The news this morning was Treasury updated its FAQ, adding a question at the end, #31: https://home.treasury.gov/system/files/136/Paycheck-Protection-Program-Frequently-Asked-Questions.pdf
Before there was the simple, yet vague certification: "Current economic uncertainty makes this loan request necessary to support the ongoing operations of the Applicant."
Now there's a new proviso that borrowers take into account "their current business activity and their ability to access other sources of liquidity sufficient to support their ongoing operations in a manner that is
not significantly detrimental to the business."

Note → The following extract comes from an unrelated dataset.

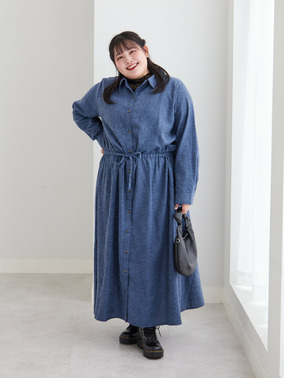 細魅せデニムシャツワンピースコーデ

Sidenote: #17 on the same FAQ --published 4/6-- says you don't have to worry about new guidance. You can rely on the guidance that was in effect when you applied. But moving on....
In a backhanded way, Treasury seems to be reasserting the traditional SBA rule that borrowers exhaust other financing options before applying for an SBA loan. Lawmakers had gotten rid of that for PPP.
Having talked to a few dozen startups on this, they were already defining "necessary" differently. "Current business activity" and "access to other sources of liquidity" are both open to interpretation as well.
Some PPP applicants we've talked to have a year of cash, ambiguous Covid impact on their business, and/or could raise VC money, if at a lower price. Are they rethinking PPP applications?
A key here seems to be this new amnesty provision. Companies that got the money but under the new guidance feel they shouldn't have applied, can return it by May 7. No harm no foul.
As a lawyer remarked to me: "Saying you won't get in trouble if you return the money, implies pretty strongly that you could get in trouble if you don't return the money."